'Surprise ISIS attack' kills 19 Syrian regime, allied fighters: monitor

ERBIL, Kurdistan Region — At least 19 Syrian regime forces and allied militiamen were killed in an attack launched by the Islamic State (ISIS) group in the Badia region of central Syria, according to a UK-based war monitor.

Those killed in the attack include 11 militants from the Iran-backed Baqer Brigade, the Syrian Observatory for Human Rights (SOHR) reported on Wednesday. 

ISIS propaganda outlet Amaq News Agency said on Wednesday that their fighters clashed with the Syrian army, “killing 13 soldiers and wounding others” in the Hama desert and setting a vehicle on fire. 

ISIS was declared territoriality defeated in Syria in 2019 and in Iraq in 2017, but the group remains a threat on both sides of the border, including carrying out hit-and-run attacks and abductions.
 
As a result of the attack, violent clashes erupted between the two sides, resulting in deaths among ISIS members, to which SOHR was unable to document numbers.

The remote desert areas of eastern Syria are an ISIS stronghold and the militants have kept a presence in the area, killing at least 1,170 regime soldiers and loyalists since the group's territorial defeat in Syria in late March 2019, the Observatory reported in early January.  

ISIS has maintained a "low-level insurgency in Iraq and Syria," the Pentagon stated in a report covering July to September 2020 and published in November.
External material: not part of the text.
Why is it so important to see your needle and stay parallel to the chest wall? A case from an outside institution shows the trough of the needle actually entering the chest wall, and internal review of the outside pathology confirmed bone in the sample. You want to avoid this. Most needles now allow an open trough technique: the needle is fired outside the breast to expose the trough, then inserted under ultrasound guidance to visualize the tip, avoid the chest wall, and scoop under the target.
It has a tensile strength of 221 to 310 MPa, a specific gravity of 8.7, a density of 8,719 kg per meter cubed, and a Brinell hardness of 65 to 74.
During this time in Syria, ISIS carried out more "'high-quality attacks' in regime-held areas, including complex ambushes and targeted assassinations." 
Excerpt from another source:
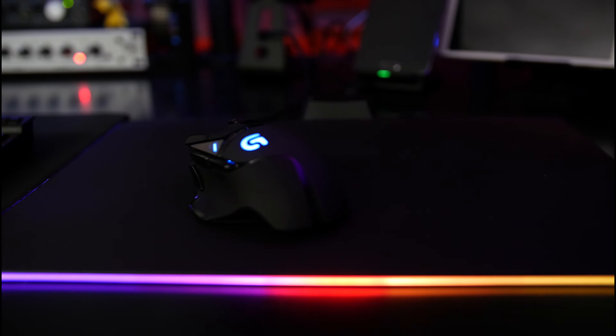Are you tired of your old wireless mousepad losing connection, not fitting in with the crowd, and just generally not keeping up with the latest trends? Well, let's look at the Corsair MM800 Polaris RGB mousepad.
"ISIS took advantage of the permissive environment created by sparsely populated desert terrain and lack of an effective counterterrorism campaign by pro-regime forces," the report stated.

The group could regain control of territory in Syria and Iraq “without sustained [counterterrorism] pressure… in a relatively short period of time,” said General Kenneth McKenzie, US CENTCOM commander.